Nagle chooses purple Doritos to go in the bag, while Parsons goes for spicy Cheetos or classic Doritos. "I usually eat three or four," Parsons said of the item, which Mac's calls "taco-in-a-bag."
"You can leave it plain or fill it up with as much as you want," Cummings said. "People go bonkers for it."
Cummings bought his tiki-style cart in Florida in 2011, but he didn't launch Mac's until returning to Vermont in 2016. The cart's previous owners used it to sell Hawaiian shaved ice on the beach, so he started by serving 18 flavors of the treat, including Vermont maple.
As Cummings looked to diversify, a friend suggested he serve taco-in-a-bag — also called Walking Tacos, Haystacks or Frito pie, depending on your location.
"It's a staple of life in lots of states, but growing up in Vermont, I'd never had it," Cummings said. Taco-in-a-bag is now a staple of Mac's menu, along with burrito bowls, taco hot dogs and the shaved ice.
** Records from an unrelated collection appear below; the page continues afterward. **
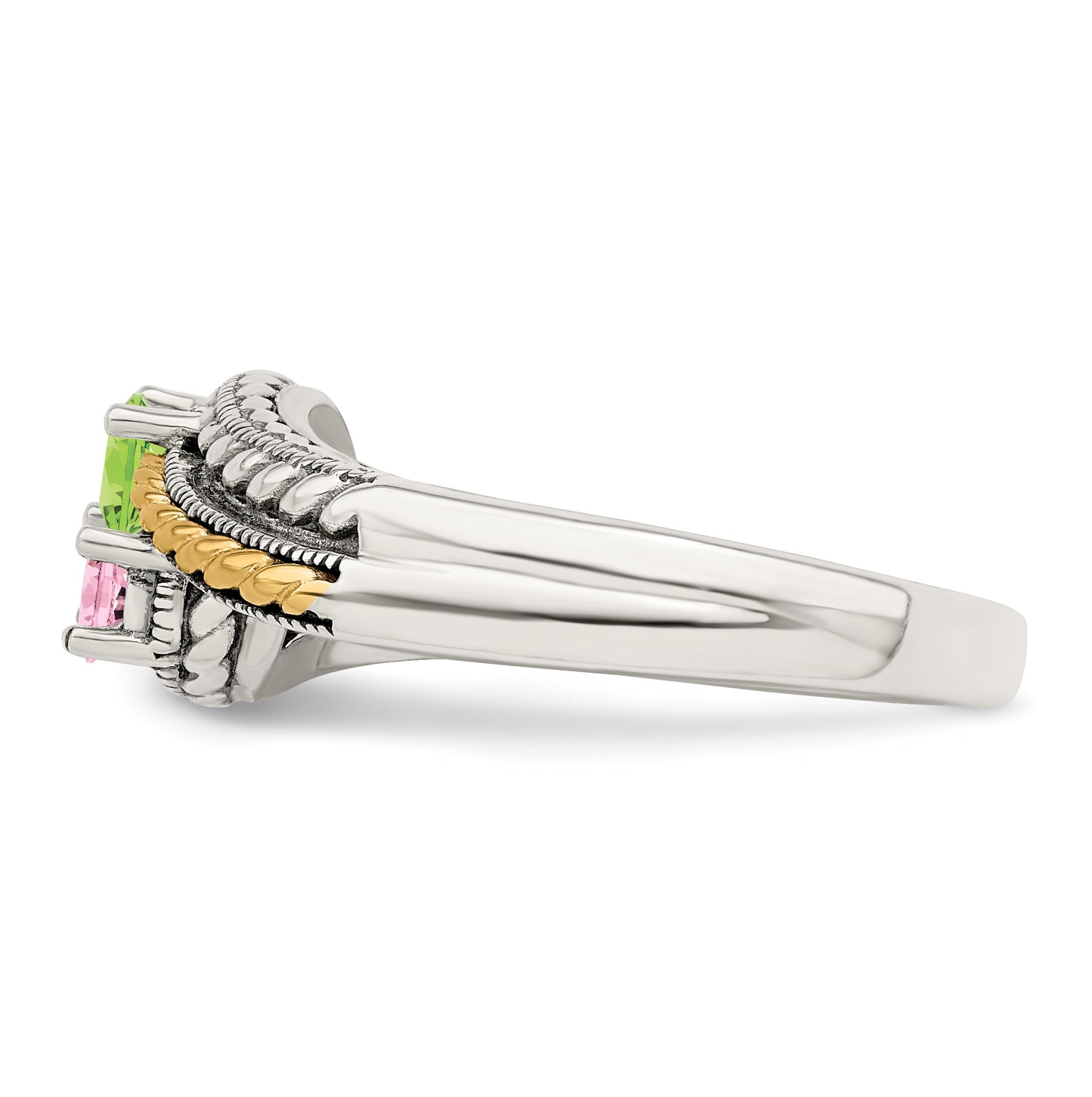 Sterling Silver Antiqued with 14k 2stone Mothers Ring, Size 10
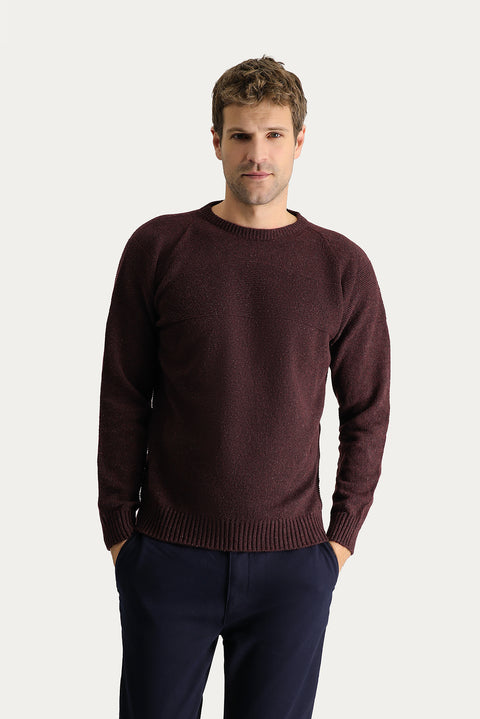 Dark Burgundy Crew Neck Slim Fit Narrow Cut Seamless Patterned Wool Knit Sweater
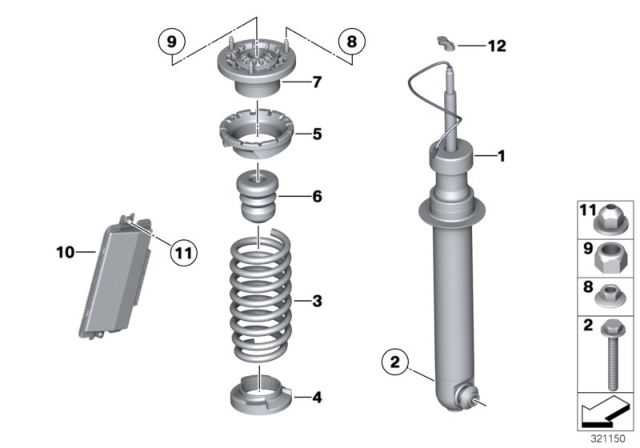 2015 BMW M6 Rear Spring Strut EDC / Control Unit / Sensor Diagram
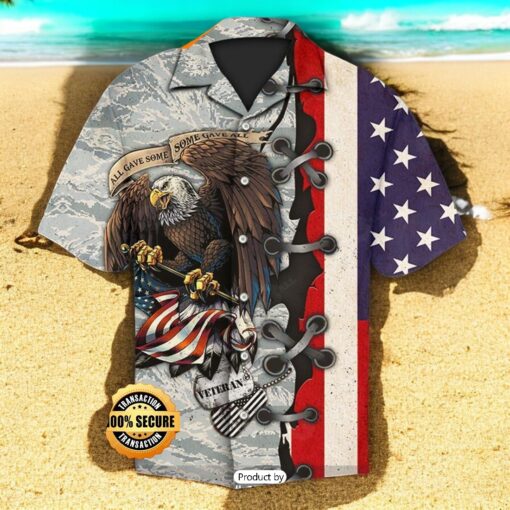 SALE US Army All Gave Some Some Gave All Eagle With American Flag And Dog Tags Veterans Day Hawaiian Shirt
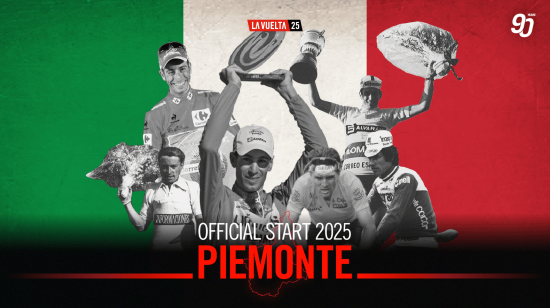 Afiche oficial del inicio de la Vuelta a España 2025 en Piemonte, Italia.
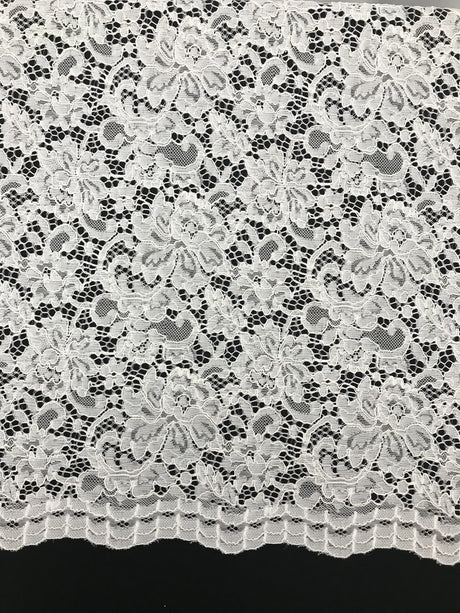 Vintage Corded Lace Polyester Fabric - White Sheer Lace, 52/54" Width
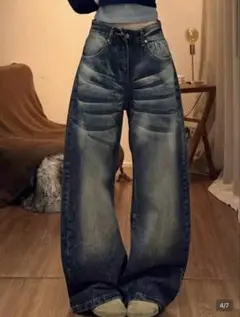 ハイウエストワイドレッグデニムパンツ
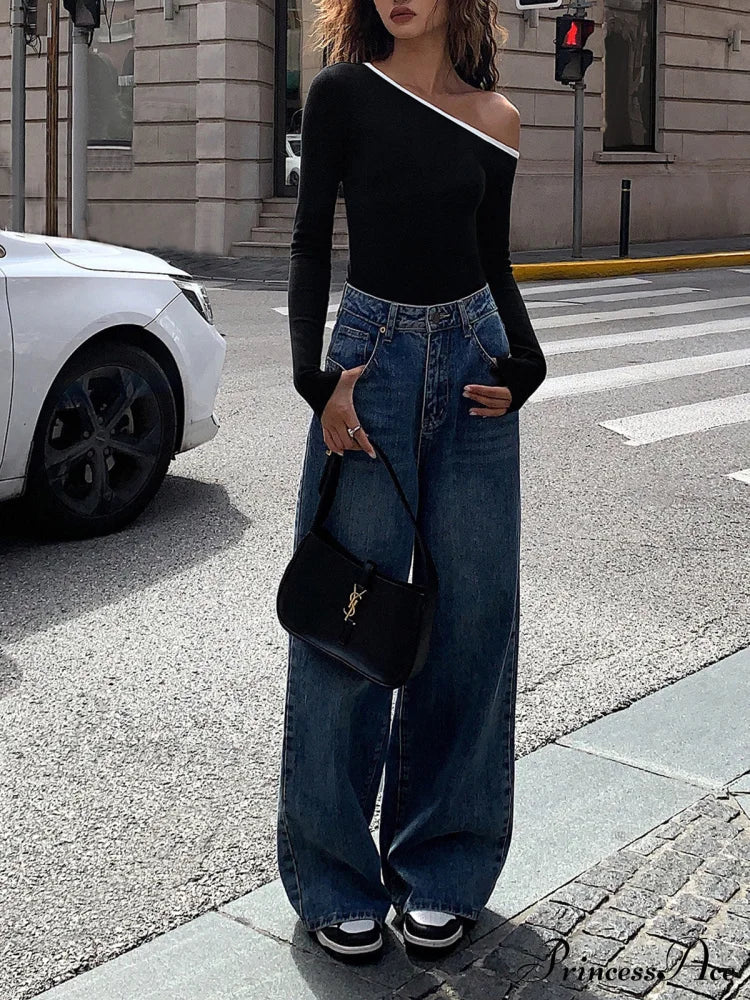 Contrast Trim Off Trendy Shoulder Long Sleeve Shirt image 4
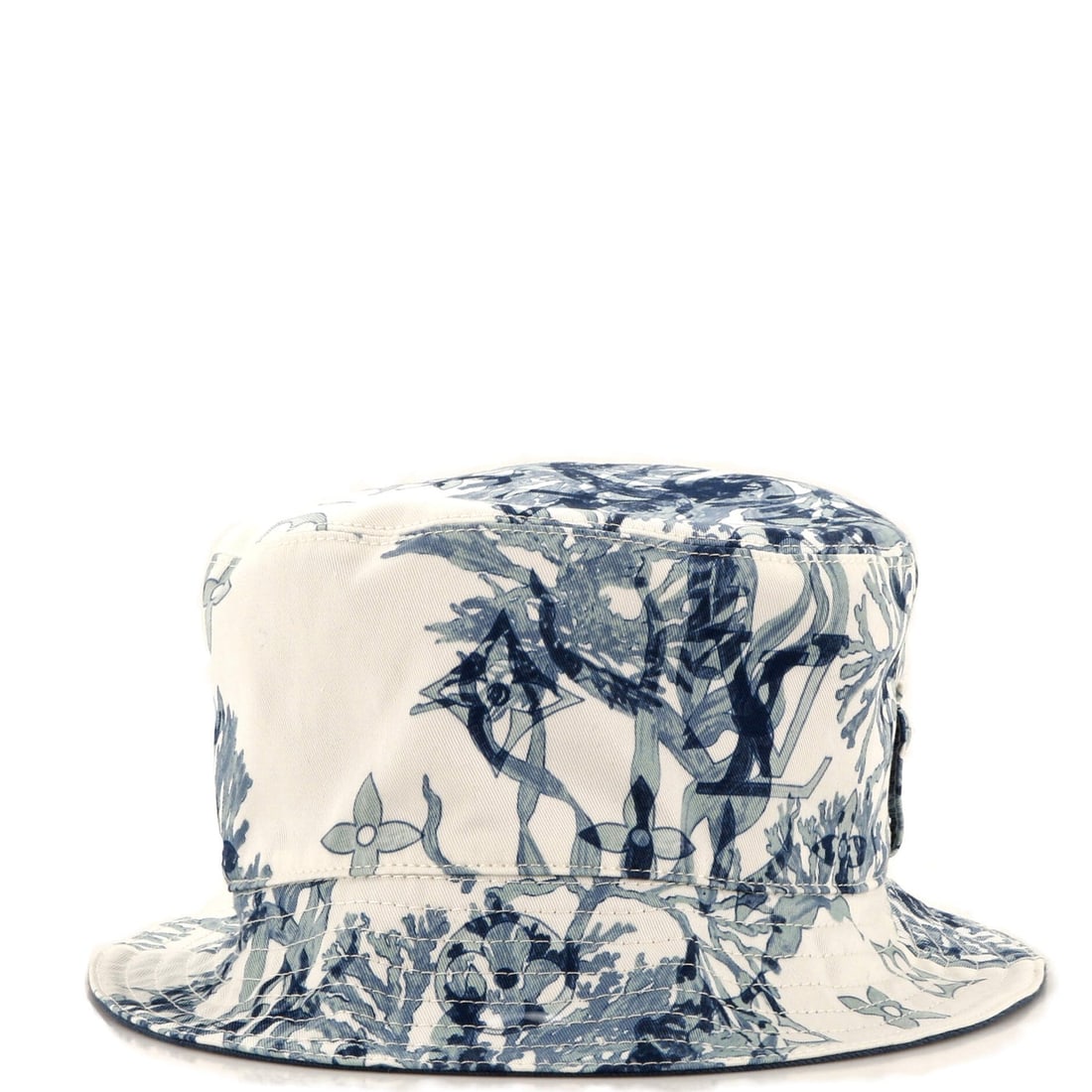 Louis Vuitton LV Play Bucket Hat: Louis Vuitton LV Play Bucket Hat Limited Edition Aquagarden Monogram Cotton Exterior Color: Blue, Print Interior Color: Blue Exterior Material: Cotton Interior Material: Cotton Hardware Color: Blue <b
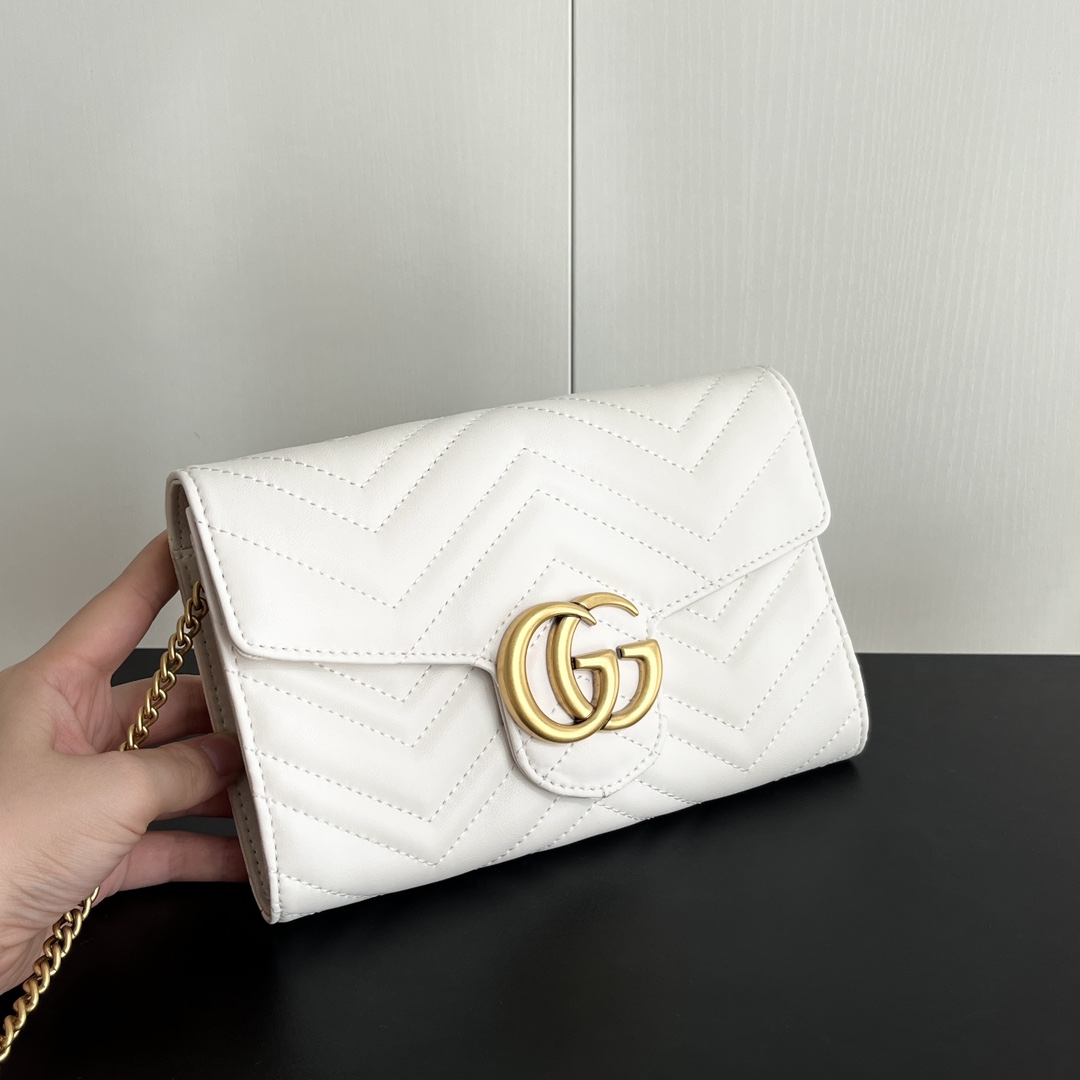 Double-G Marmont Chain Wallet - White Gold Wallet - Gorchic - $123.99
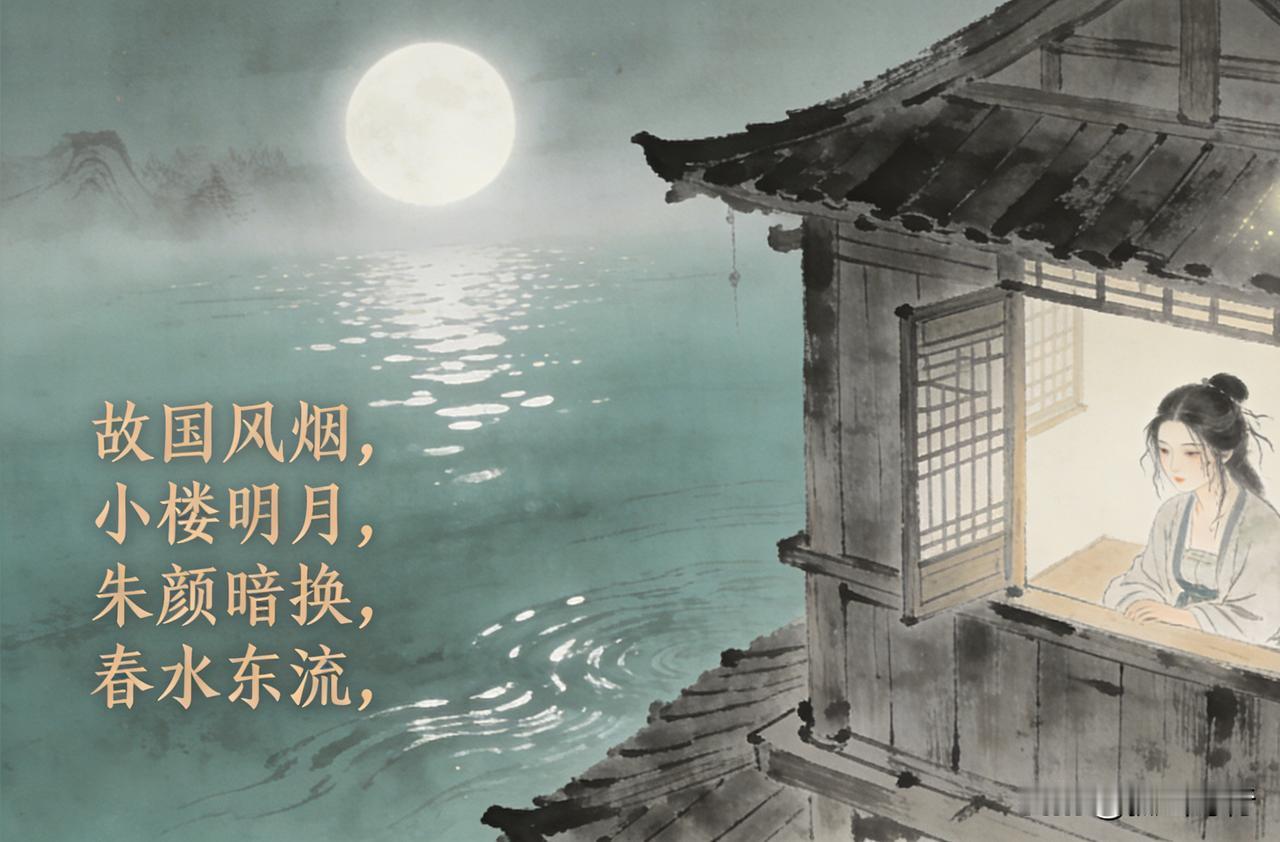 感南唐后主  〔狐山诗行〕

故国楼台月色寒，
东风一夜泪阑干。
揪心恰似春江浪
Mac's Sugar Shack will show up this summer at Burlington's ArtsRiot Truck Stop and South Burlington's Thursday Night Take-Out and SoBu Nite Out. But Cummings sees Waking Windows as a highlight of his schedule.
"Waking Windows has a really chill vibe," he said. "I don't know if it's just Vermont or Winooski or the Monkey bar — everyone's always happy." Being stuffed full of taco bags might have something to do with it.
Nagle and Parsons are also big fans of new Winooski biz Sarom's Café, operated by mother-daughter duo Tuyet "Snow" Dinh and Mariana LyThach at 10 Manseau Street.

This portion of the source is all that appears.